Chinese Version of the Short-Form Egna Minnenav Barndoms Uppfostran (s-EMBU)
The s-EMBU was developed by Perris et al26 and translated into Chinese by Jiang et al.27 To evaluate parental rearing practices and behaviors, we utilized the Chinese version of s-EMBU. This scale contains 42 items, divided into the paternal (eg, My father wanted to control everything I did) and maternal (eg, My mother punished me for no good reason) versions. Responses are provided on a 4-point Likert scale (1 = never; 2 = seldom; 3 = often; 4 = most of the time). Each version includes three subscales scored separately without a total score: emotional warmth (7 items), rejection (6 items), and overprotection (8 items).

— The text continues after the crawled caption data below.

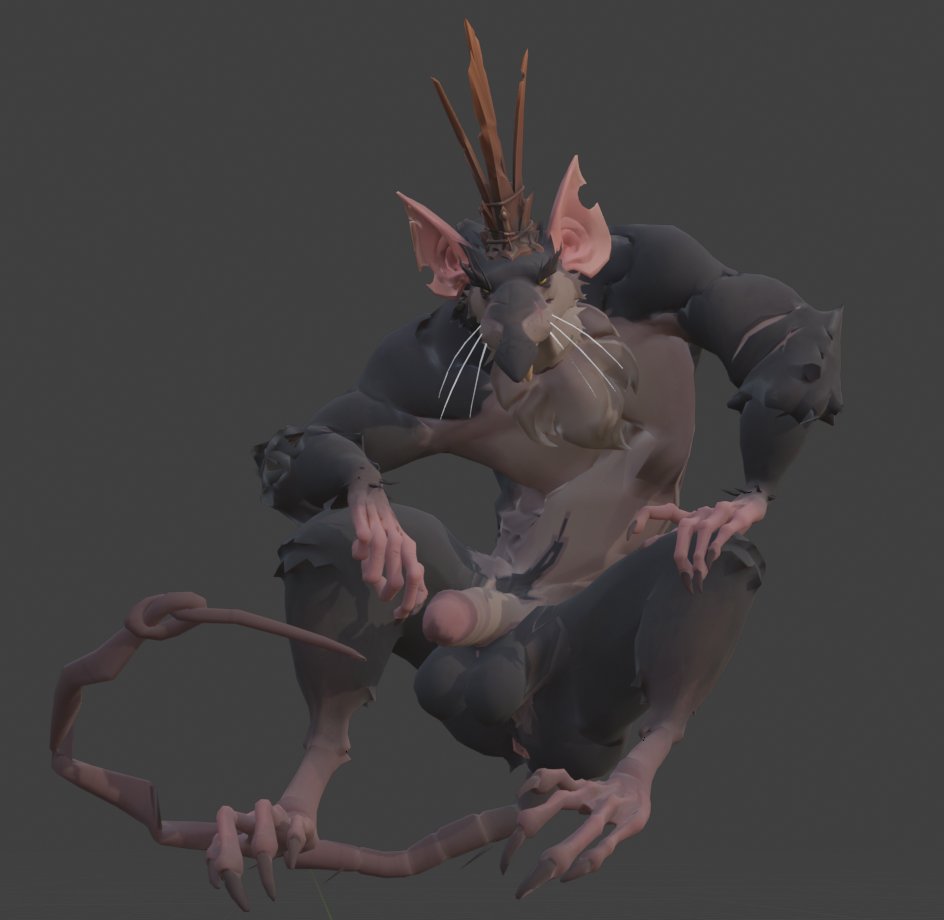 GinSiren's tweet photo. Rat King Au Natruale Mod WIP https://t.co/tiIx57yGyO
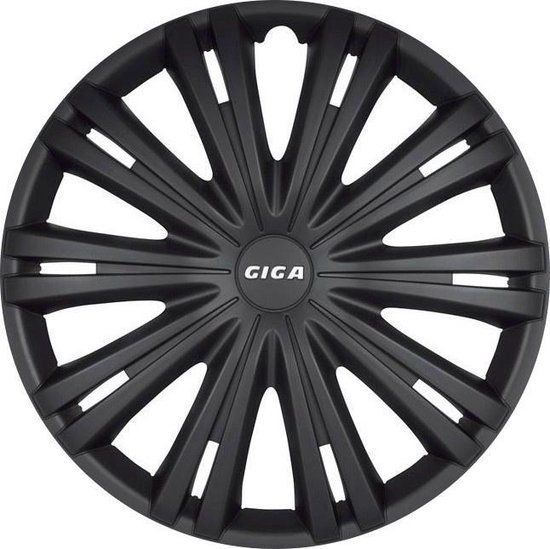 Autostyle Giga 13 inch Matzwart Wieldoppen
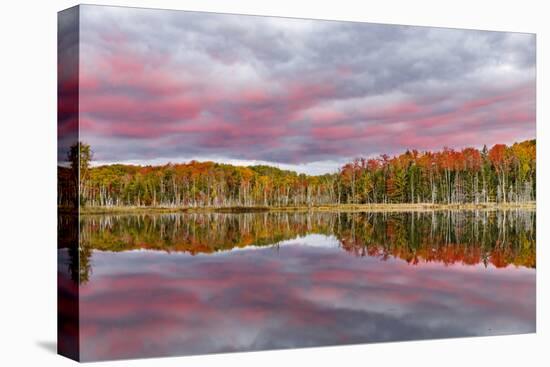 Red Jack Lake and Sunrise Reflection, Alger County, Upper Peninsula of Michigan-Adam Jones-Premier Image Canvas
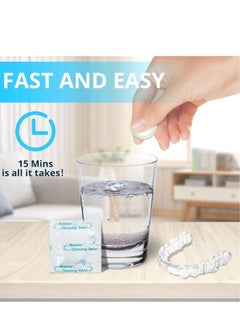Y-Kelin 30 PCS Denture Cleaning Tablets for Aligner, Retainer Cleaner Tablets, Mouth & Night Guard, Removes Odor Oral, Work with Ultrasonic Retainer Cleaner and Retainer Cleaner Machine, Mint Flavor  - Image 4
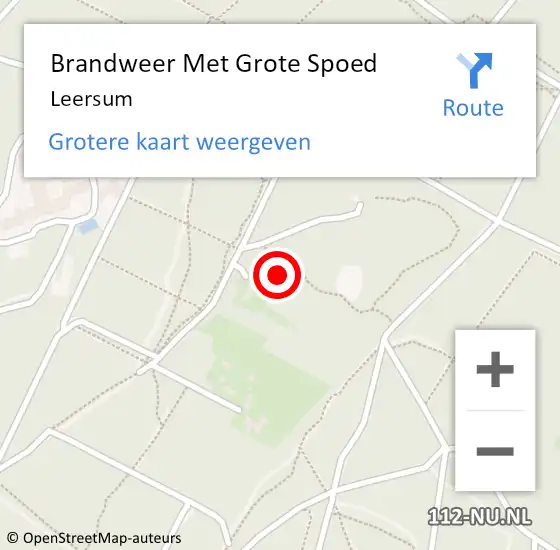 Locatie op kaart van de 112 melding: Brandweer Met Grote Spoed Naar Leersum op 20 maart 2025 10:56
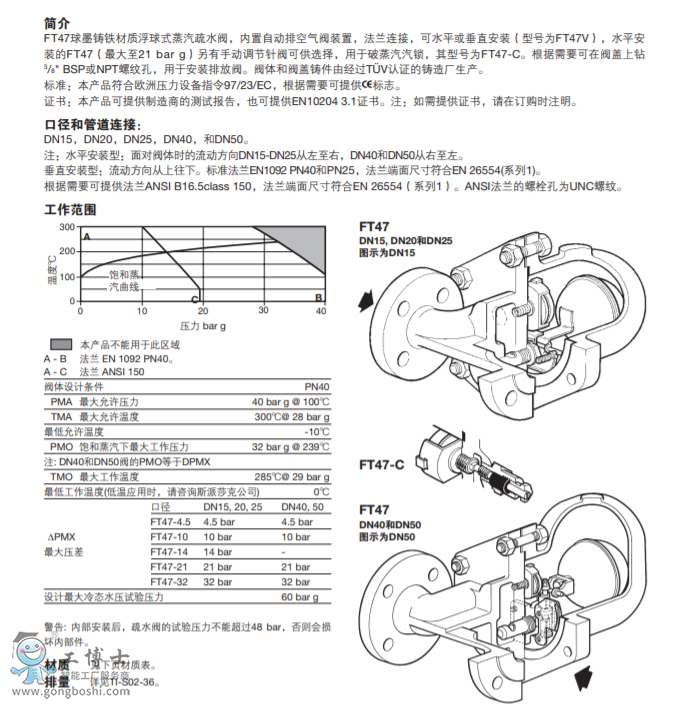 FT47��ī�T�F���|(zh��) ����ʽ������ˮ�y(DN15-DN50)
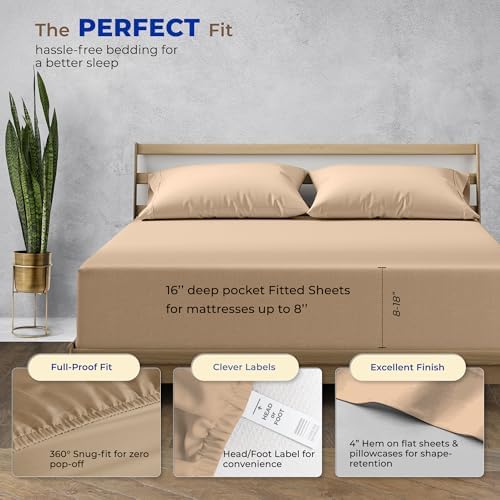 THREAD SPREAD Full Size Bed Sheets, Luxury 1000 Series Paradise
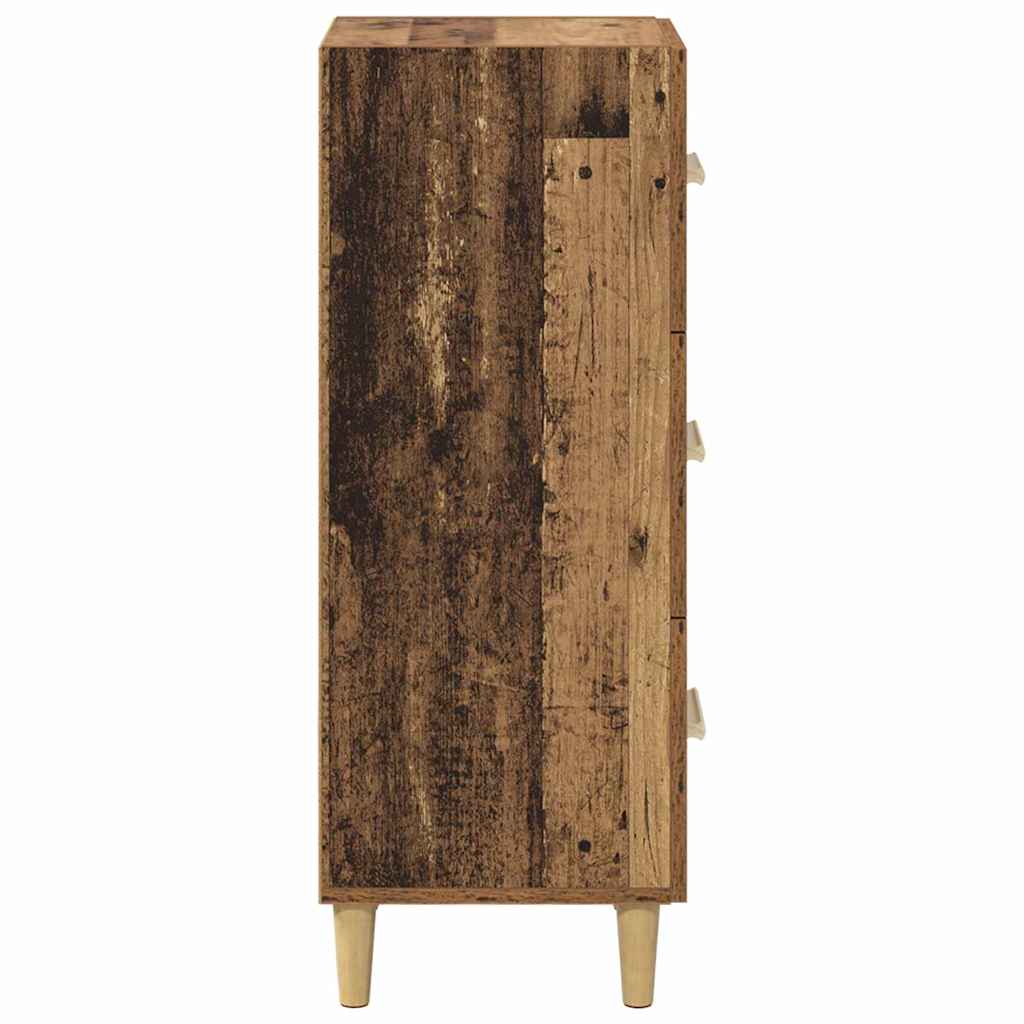 Serviesskap Gammelt tre 34,5 x 34 x 90 cm Konstruert tre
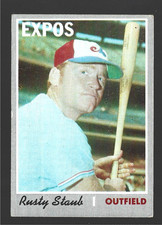 1970 Topps #585 Rusty Staub Montreal Expos (VINTAGE *VG-EX)
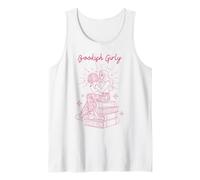 Bookish Girly Retro Reading Aesthetic Tank Top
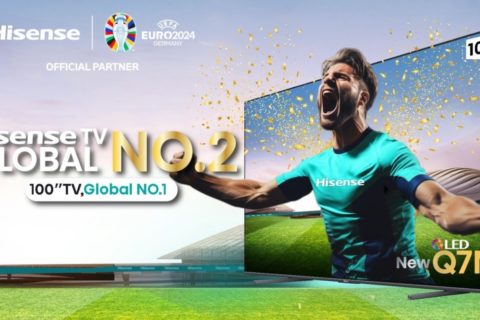 Hisense ก้าวสู่การเป็นผู้นำระดับโลกในตลาดโทรทัศน์ขนาด 100 นิ้ว พร้อมสนับสนุน UEFA Euro Cup 2024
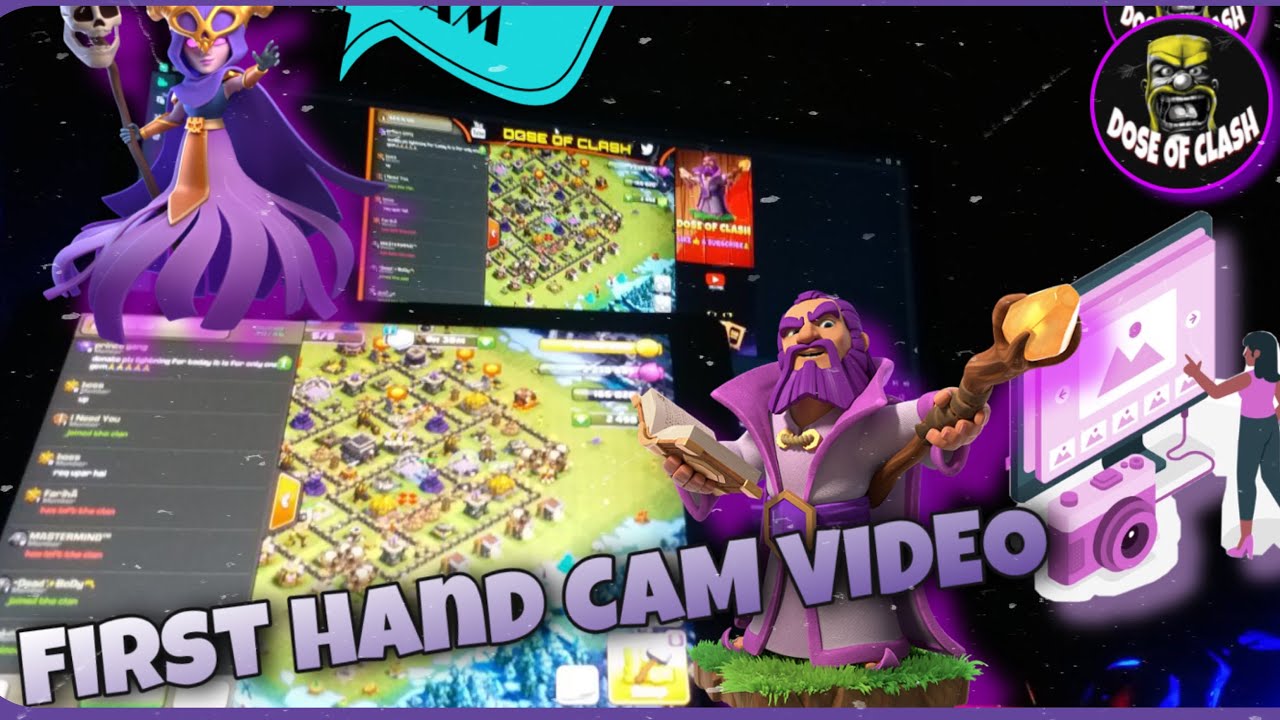 FIRST HAND CAM VIDEO / PLAYING CLASH OF CLANS While Donating  | CLASH OF CLANS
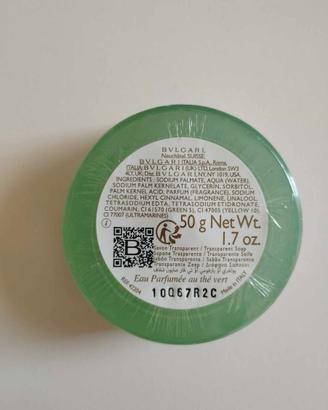 Saponetta Bulgari al thè verde originale nuova
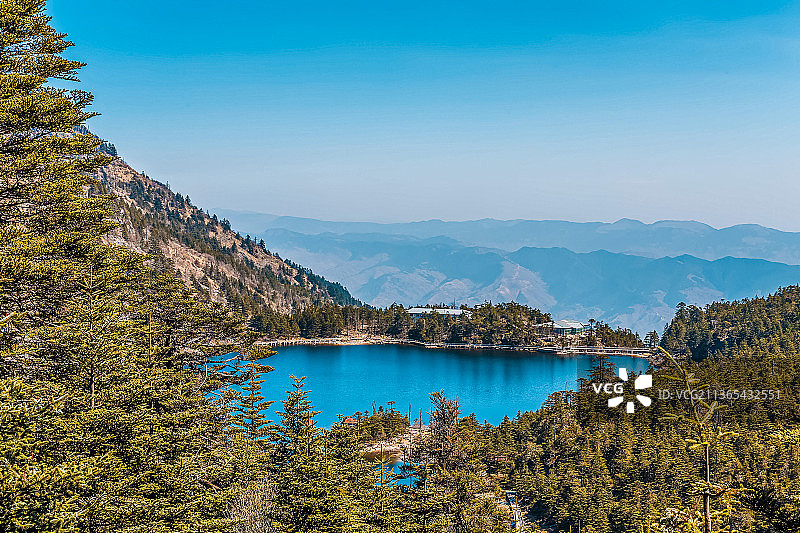 西昌螺髻山黑龙潭风光图片素材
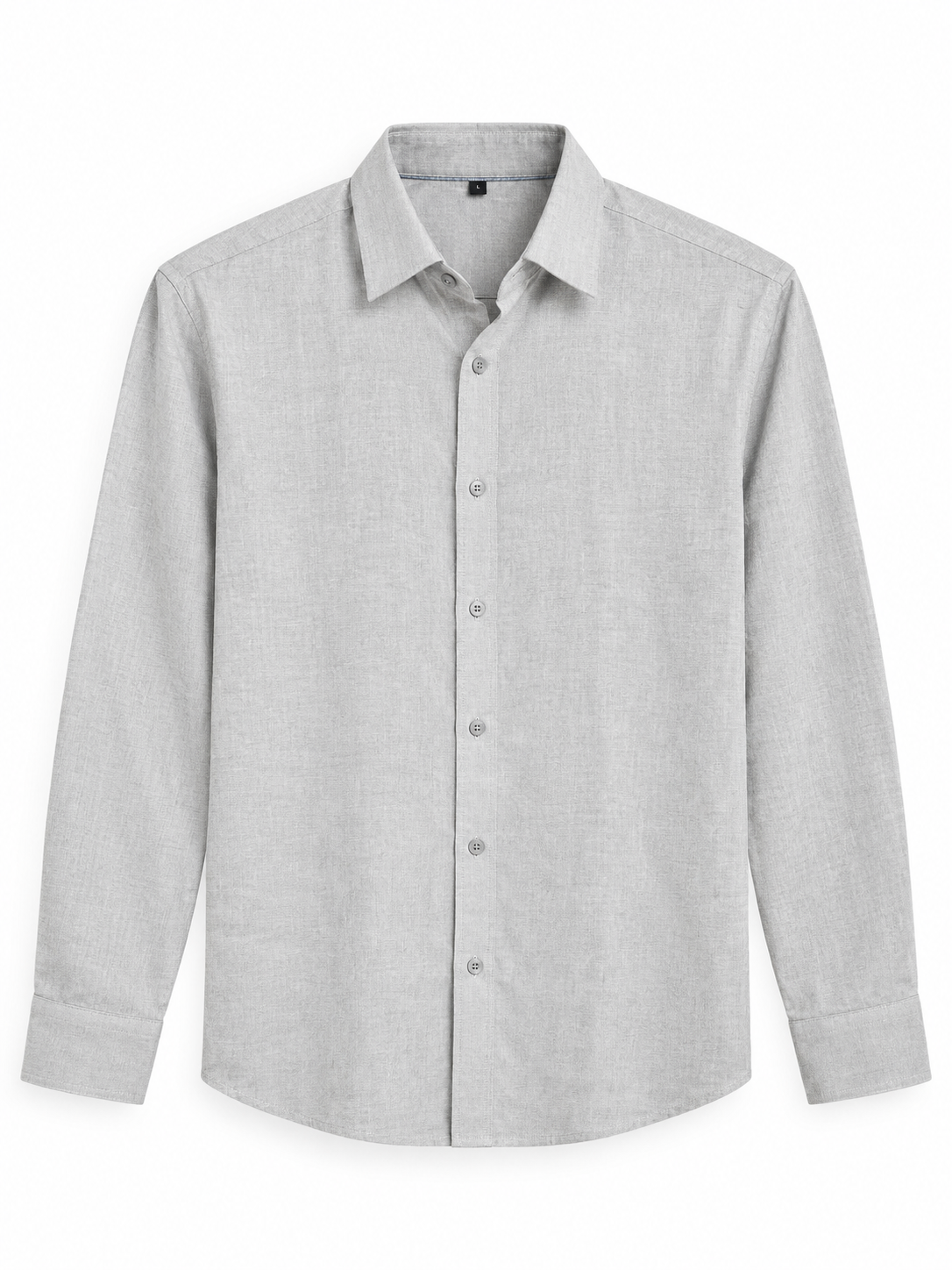 Men's Grey Linen Shirt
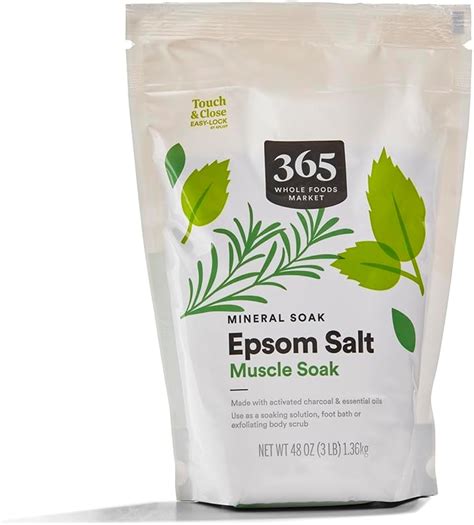 Saltworks Ultra Epsom Bath Salt Unscented Medium Grain 5 Pound Bag Bath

Higher scores indicate a greater tendency toward that particular parenting style. In this study, only the subscales of rejection and overprotection were used to measure adverse parenting. The Cronbach’s alpha coefficients were 0.78 for fathers and 0.77 for mothers.
Cognitive Emotion Regulation Questionnaire (CERQ)
The 36-item CERQ was designed to assess nine specific cognitive emotion regulation strategies in response to negative events.28,29 Each item is rated on a 5‐point Likert scale ranging from 1 “never” to 5 “most of the time”. The CERQ is divided into maladaptive and adaptive subscale. The maladaptive subscale includes rumination, self‐blame, blaming others and catastrophizing, while the adaptive subscale comprises positive refocusing, acceptance, positive reappraisal, refocus on planning, and putting into perspective. In the current research, only the maladaptive subscale (CERQ-M) was used to measure negative emotion regulation strategies, such as “I feel that I am the one who is responsible for what has happened”. The Cronbach’s alpha coefficient for the CERQ-M in this study was 0.84.
Frost Multidimensional Perfectionism Scale (FMPS)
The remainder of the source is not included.